» Requirement
Take the material below and reproduce, word for word, only the lines from the line with "calendar flipping date" through the line with "Majesty Twist Flätor".

» Records shown
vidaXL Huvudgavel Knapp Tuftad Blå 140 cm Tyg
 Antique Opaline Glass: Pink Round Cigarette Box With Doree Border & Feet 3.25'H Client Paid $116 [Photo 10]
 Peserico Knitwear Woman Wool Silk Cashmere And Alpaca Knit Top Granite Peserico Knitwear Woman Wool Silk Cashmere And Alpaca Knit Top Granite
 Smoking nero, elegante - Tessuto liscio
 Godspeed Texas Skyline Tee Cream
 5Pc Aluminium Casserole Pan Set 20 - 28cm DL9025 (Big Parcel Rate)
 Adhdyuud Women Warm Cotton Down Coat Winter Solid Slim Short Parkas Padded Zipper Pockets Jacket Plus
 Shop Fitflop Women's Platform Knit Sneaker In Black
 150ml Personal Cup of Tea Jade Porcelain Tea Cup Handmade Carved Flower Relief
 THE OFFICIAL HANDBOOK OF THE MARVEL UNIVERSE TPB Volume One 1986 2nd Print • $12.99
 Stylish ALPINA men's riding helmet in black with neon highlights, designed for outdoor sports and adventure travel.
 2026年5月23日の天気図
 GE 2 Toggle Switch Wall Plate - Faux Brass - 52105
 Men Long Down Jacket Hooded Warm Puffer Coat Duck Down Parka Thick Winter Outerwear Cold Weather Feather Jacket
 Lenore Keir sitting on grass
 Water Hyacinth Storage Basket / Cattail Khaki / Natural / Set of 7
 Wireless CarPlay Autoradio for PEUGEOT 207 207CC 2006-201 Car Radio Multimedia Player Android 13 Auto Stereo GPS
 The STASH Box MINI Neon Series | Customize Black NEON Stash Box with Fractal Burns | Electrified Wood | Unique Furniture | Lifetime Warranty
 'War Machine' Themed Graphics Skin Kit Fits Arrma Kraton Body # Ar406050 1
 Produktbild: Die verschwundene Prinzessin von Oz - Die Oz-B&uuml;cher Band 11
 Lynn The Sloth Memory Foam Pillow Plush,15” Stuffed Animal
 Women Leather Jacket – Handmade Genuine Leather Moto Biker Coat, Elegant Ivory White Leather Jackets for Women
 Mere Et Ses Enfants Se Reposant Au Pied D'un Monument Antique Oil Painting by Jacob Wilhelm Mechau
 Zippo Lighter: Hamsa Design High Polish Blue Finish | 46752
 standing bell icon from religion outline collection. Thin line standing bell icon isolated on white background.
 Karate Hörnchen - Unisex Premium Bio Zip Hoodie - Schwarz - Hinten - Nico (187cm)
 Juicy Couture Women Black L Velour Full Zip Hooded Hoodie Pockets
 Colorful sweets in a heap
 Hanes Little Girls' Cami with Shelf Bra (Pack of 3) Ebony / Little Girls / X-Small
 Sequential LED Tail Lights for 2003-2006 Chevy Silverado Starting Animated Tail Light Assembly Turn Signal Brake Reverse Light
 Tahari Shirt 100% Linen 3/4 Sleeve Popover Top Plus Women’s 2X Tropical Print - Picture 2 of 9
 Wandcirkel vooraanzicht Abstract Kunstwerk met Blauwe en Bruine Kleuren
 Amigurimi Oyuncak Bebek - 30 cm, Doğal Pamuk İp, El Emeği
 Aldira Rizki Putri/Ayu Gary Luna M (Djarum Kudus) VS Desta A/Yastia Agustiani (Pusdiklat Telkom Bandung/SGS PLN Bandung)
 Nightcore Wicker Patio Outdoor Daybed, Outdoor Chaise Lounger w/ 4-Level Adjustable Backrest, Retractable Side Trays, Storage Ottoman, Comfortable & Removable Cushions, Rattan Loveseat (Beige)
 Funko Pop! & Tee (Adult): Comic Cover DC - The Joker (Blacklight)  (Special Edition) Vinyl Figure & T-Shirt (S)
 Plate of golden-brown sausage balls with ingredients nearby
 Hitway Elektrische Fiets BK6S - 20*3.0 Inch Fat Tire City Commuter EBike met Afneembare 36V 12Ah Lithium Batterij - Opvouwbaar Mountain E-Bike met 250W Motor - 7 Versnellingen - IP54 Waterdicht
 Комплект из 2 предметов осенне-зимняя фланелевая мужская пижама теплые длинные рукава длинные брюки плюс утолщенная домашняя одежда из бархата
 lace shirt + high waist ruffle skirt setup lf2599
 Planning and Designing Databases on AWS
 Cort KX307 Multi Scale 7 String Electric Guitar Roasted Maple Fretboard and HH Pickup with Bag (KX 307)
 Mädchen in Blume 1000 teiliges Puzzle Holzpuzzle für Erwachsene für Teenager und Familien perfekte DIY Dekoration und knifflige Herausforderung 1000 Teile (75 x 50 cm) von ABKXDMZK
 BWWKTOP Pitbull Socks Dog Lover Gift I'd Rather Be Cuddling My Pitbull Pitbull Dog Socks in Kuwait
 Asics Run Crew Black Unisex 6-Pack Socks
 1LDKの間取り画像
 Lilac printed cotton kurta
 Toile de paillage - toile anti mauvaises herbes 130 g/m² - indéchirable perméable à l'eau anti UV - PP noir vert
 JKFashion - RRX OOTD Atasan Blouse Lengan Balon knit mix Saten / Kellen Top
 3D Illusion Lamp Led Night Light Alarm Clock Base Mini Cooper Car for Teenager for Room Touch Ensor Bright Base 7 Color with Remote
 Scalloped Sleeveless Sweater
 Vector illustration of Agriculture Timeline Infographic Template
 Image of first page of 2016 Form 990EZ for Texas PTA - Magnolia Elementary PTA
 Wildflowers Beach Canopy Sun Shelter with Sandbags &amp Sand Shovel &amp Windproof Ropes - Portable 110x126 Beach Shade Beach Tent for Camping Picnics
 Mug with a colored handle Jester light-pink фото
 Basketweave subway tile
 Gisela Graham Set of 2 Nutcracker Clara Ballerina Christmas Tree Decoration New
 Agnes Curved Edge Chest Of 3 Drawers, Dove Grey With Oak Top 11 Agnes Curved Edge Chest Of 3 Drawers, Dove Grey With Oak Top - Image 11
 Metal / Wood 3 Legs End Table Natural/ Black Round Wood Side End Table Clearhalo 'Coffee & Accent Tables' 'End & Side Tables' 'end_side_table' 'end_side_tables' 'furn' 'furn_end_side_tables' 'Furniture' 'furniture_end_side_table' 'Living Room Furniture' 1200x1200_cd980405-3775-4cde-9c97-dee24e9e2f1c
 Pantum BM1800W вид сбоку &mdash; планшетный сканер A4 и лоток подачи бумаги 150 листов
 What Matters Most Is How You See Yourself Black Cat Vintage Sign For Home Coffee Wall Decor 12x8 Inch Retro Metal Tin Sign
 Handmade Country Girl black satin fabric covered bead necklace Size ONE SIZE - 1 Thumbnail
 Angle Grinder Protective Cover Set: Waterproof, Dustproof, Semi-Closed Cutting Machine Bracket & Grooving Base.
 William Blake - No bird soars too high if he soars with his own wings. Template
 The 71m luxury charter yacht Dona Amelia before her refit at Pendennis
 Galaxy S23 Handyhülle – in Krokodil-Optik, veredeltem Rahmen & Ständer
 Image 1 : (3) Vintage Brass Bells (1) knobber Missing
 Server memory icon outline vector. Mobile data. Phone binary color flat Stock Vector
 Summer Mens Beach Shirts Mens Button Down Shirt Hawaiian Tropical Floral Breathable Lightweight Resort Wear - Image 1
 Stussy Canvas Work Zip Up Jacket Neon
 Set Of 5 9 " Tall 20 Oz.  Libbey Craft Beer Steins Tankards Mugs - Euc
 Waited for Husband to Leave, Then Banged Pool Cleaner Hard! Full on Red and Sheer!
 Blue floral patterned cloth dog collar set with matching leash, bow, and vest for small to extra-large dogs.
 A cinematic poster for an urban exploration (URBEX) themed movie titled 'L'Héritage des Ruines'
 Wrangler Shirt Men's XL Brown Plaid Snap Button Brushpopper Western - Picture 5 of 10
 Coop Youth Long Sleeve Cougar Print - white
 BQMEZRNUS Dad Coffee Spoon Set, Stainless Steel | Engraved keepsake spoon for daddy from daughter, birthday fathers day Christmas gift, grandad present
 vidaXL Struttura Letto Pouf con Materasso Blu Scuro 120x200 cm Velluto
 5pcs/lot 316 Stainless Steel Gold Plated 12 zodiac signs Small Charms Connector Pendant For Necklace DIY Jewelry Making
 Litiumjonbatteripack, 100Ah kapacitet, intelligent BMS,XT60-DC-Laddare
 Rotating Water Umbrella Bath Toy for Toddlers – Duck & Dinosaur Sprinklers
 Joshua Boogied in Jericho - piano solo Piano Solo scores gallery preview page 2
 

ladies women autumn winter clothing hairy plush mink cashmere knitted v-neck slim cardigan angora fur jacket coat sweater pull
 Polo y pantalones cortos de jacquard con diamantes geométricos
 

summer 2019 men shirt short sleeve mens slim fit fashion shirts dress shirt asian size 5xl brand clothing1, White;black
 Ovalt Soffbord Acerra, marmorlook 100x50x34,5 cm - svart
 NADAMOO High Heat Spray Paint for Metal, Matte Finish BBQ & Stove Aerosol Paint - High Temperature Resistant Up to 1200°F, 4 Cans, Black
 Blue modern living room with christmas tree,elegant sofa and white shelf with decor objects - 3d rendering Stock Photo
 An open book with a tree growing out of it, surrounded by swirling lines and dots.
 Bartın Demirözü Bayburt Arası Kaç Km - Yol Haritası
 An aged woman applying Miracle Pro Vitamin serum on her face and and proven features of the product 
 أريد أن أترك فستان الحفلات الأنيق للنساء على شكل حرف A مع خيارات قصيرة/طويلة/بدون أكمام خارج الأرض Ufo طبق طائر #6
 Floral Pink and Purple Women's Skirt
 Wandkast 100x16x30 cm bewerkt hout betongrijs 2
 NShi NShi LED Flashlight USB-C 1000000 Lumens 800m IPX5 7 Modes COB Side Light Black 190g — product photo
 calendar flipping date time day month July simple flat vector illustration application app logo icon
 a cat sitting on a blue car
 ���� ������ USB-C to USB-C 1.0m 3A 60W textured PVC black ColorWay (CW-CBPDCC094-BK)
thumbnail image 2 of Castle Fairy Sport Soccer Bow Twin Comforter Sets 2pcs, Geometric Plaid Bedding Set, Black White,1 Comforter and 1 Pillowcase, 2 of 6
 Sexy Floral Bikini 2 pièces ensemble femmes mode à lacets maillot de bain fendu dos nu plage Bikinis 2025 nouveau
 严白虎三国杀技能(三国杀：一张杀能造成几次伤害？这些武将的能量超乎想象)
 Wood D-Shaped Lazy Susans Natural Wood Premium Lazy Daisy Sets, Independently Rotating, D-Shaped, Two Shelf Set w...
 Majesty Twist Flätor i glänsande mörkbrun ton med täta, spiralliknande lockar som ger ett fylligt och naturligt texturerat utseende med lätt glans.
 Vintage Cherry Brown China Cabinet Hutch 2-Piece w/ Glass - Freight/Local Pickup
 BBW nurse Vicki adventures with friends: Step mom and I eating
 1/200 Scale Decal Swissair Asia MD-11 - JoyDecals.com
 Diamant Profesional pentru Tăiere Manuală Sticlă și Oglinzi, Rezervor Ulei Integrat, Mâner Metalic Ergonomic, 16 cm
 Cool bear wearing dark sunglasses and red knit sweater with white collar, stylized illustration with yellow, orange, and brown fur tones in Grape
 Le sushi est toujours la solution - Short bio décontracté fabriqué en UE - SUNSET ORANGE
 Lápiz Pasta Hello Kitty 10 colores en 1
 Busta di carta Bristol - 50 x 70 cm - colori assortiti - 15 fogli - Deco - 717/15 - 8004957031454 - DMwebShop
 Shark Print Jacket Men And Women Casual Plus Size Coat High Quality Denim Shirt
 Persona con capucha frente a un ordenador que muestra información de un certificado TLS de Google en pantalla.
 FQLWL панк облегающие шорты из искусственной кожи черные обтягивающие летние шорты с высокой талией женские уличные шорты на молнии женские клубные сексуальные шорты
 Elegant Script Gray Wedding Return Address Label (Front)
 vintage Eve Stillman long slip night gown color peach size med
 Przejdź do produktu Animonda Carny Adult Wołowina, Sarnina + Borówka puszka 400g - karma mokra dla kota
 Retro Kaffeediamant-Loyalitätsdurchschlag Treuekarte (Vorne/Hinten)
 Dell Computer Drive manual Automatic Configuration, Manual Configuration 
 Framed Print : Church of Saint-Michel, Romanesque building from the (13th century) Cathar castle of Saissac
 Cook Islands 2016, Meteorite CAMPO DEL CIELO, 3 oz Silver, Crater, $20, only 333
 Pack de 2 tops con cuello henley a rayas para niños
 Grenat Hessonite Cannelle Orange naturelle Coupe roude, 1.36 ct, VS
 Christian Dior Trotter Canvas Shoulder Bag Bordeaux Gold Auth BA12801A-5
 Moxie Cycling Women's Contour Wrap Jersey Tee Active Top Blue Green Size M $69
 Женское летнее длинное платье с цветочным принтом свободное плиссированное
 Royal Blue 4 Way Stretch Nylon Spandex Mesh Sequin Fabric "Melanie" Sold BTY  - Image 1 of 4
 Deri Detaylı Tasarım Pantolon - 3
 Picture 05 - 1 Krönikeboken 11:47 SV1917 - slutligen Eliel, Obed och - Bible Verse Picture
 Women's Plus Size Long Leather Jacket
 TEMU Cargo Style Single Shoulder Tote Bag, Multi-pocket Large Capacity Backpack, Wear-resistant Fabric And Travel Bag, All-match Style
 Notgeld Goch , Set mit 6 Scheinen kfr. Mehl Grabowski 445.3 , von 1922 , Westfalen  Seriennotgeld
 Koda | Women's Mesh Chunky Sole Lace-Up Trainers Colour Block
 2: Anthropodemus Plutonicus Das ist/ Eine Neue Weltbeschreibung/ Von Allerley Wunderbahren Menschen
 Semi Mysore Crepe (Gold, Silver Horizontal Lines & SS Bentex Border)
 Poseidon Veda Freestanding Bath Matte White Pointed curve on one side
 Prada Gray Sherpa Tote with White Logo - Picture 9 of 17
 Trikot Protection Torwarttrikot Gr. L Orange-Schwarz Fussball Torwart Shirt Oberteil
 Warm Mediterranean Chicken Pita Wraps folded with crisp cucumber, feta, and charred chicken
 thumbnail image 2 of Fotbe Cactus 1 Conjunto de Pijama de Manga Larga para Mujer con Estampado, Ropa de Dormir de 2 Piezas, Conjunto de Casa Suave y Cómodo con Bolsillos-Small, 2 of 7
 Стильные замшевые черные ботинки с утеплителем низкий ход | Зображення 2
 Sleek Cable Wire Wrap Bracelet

» Result
 calendar flipping date time day month July simple flat vector illustration application app logo icon
 a cat sitting on a blue car
 ���� ������ USB-C to USB-C 1.0m 3A 60W textured PVC black ColorWay (CW-CBPDCC094-BK)
thumbnail image 2 of Castle Fairy Sport Soccer Bow Twin Comforter Sets 2pcs, Geometric Plaid Bedding Set, Black White,1 Comforter and 1 Pillowcase, 2 of 6
 Sexy Floral Bikini 2 pièces ensemble femmes mode à lacets maillot de bain fendu dos nu plage Bikinis 2025 nouveau
 严白虎三国杀技能(三国杀：一张杀能造成几次伤害？这些武将的能量超乎想象)
 Wood D-Shaped Lazy Susans Natural Wood Premium Lazy Daisy Sets, Independently Rotating, D-Shaped, Two Shelf Set w...
 Majesty Twist Flätor i glänsande mörkbrun ton med täta, spiralliknande lockar som ger ett fylligt och naturligt texturerat utseende med lätt glans.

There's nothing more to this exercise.